Maaza Mengiste is a novelist, essayist, and photographer. She is the author of the novel, The Shadow King ( W.W. Norton & Co, 2020), which was shortlisted for the 2020 Booker Prize, and was a 2020 LA Times Book Prize Fiction finalist. It was named a best book of the year by the New York Times, NPR, Elle, Time, and more. The Shadow King, called “a brilliant novel…compulsively readable” by Salman Rushdie, is currently available in Spanish, Swedish, French, German, Italian, Romanian, Turkish, and Finnish, with more translations forthcoming.
Her debut novel, Beneath the Lion’s Gaze ( (W. W. Norton & Co, 2010), was selected by the Guardian as one of the 10 best contemporary African books and named one of the best books of 2010 by Christian Science Monitor, Boston Globe, and other publications. Her story, “Dust, Ash, Flight,” which appeared in Addis Ababa Noir, edited by Maaza, was awarded a 2021 Edgar Award for Best Short Story.

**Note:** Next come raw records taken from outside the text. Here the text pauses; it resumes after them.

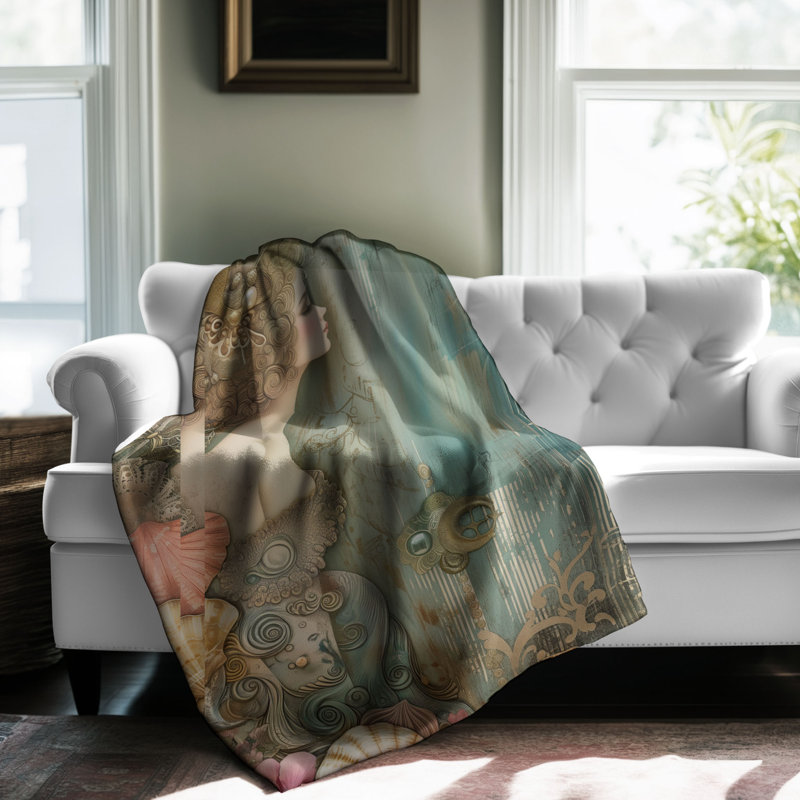 Couverture Mermaid's Shell Collection, L 60 po x l 50 po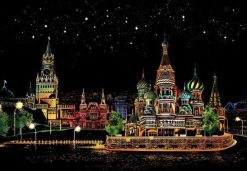 Figuredart Peinture Gratter - Moscou En Russie | Peinture A Gratter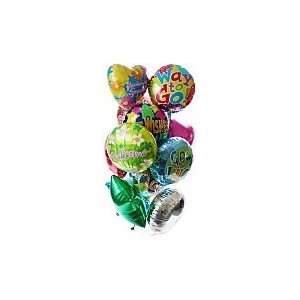  Anniversary Balloon Bouquet 12 Mylar: Patio, Lawn & Garden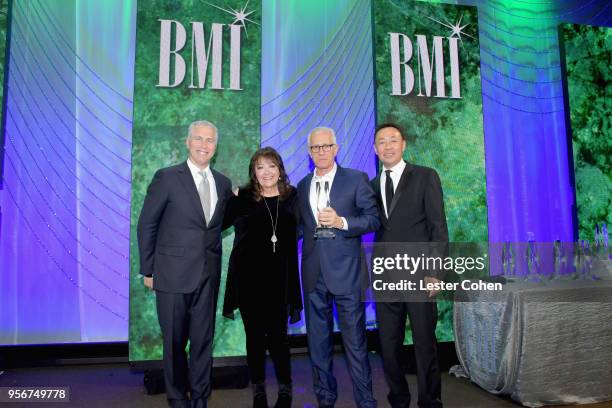 James Newton Howard accepts award from BMI Vice President, Creative - Film, TV & Visual Media Doreen Ringer Ross, Executive Vice President of...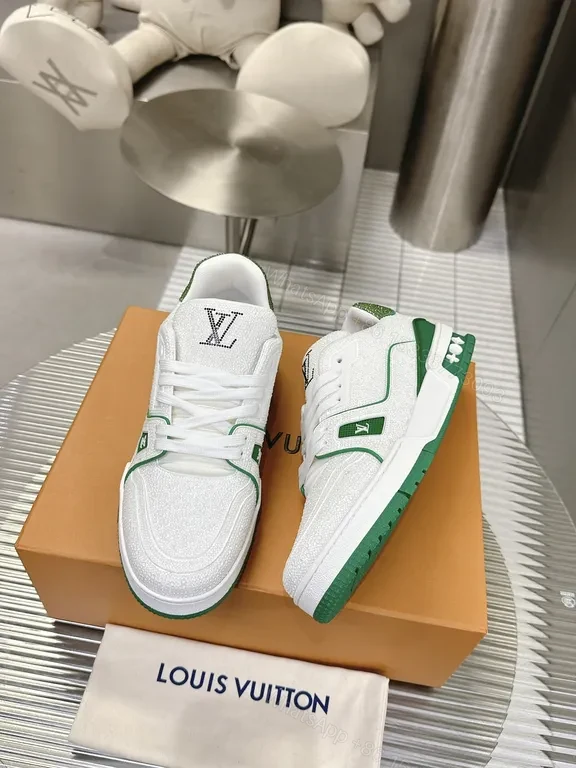 View 4 of Chic Velocity Trainers: Luxury LV-Style Comfort Sneakers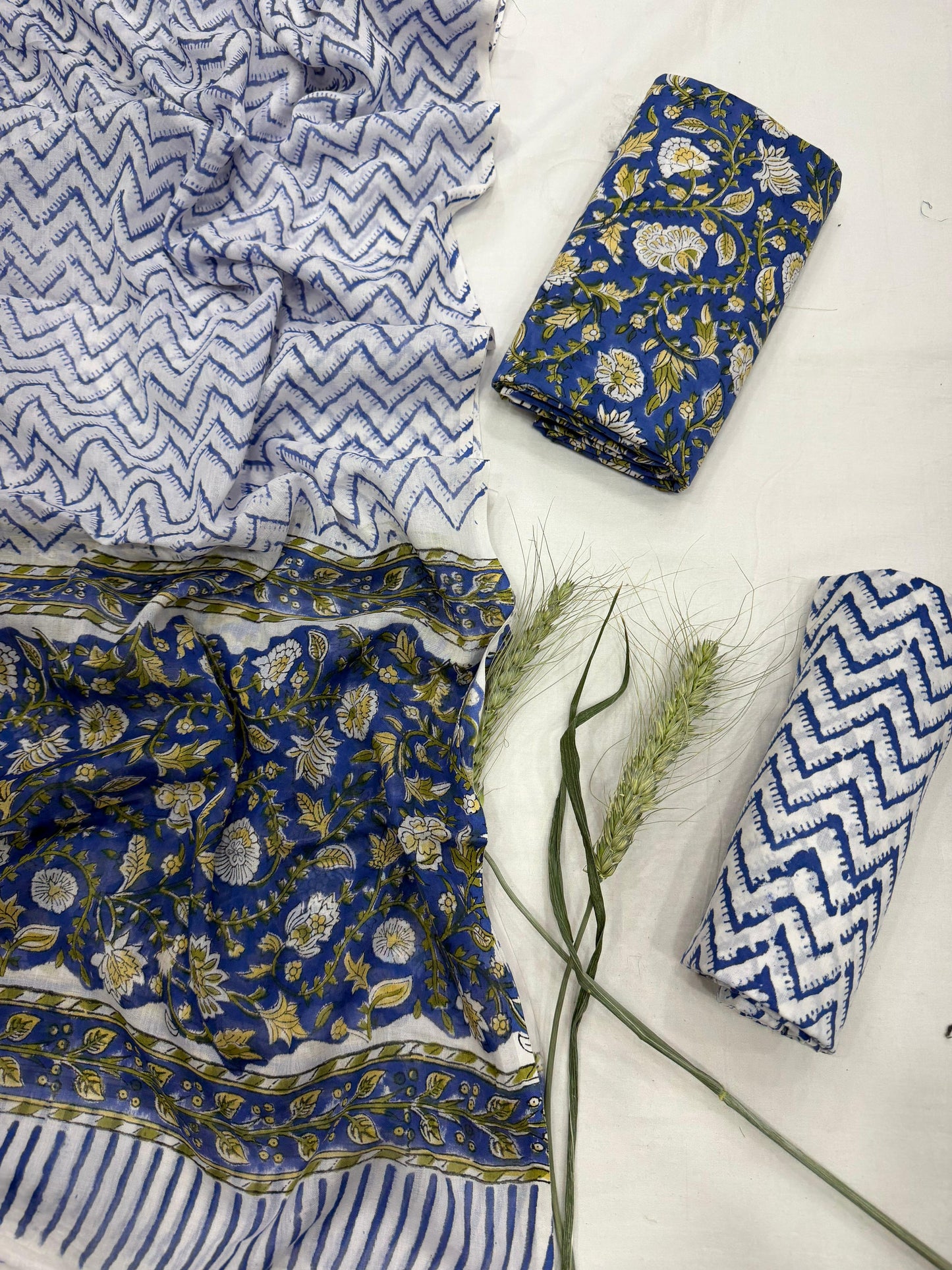Cotton Suit Mulmul Dupatta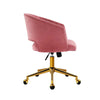 Velvet Office Chair Executive Computer Chair Adjustable Armchair Work Study Pink Deals499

She is the recipient of a Guggenheim Fellowship, an American Academy of Arts and Letters Award in Literature, a DAAD Artists-in-Berlin Fellowship, a Cullman Center for Scholars and Writers Fellowship, the Premio von Rezzori, the Premio il ponte, a Fulbright Fellowship, a National Endowment for the Arts Award, and a Creative Capital Award. Her work can be found in The New Yorker, The New York Review of Books, Granta, the Guardian, The New York Times, Esquire, Rolling Stone, and BBC, among other places.
In an interview with the Booker Prize, she was asked about The Shadow King and the ways in which it illustrates the experience of war from a female perspective, and what inspired her to bring these stories to light: “These women and girls stepped forward out of the shadows and made themselves known, they refused to be ignored any longer. Is recognition a form of inspiration? Because I recognised them as soon as I encountered them in a stray line or in faded photographs. It wasn’t inspiration as much as a familiarity, an “Oh, there you are,” when I didn’t even know that I had been searching for them. I often said I wrote this book surrounded by ghosts, I could feel them rise up at certain moments, demanding their turn to speak. To become remembered, to be ushered into the rooms of the honoured. Is this inspiration? I folded into their demands and they were often angry and relentless and perhaps this, too, is what inspiration means: this channeling of energies not your own in an attempt to steady the ground beneath you, to right a skewed part of the world as we know it. I wrote with a fury that was theirs. Perhaps this, too, is inspiration.”
Born in Ethiopia, she was raised in Nigeria, Kenya, and the United States. She is a Fulbright Scholar and a graduate of the MFA program at New York University. She teaches at Wesleyan University and lives in New York City.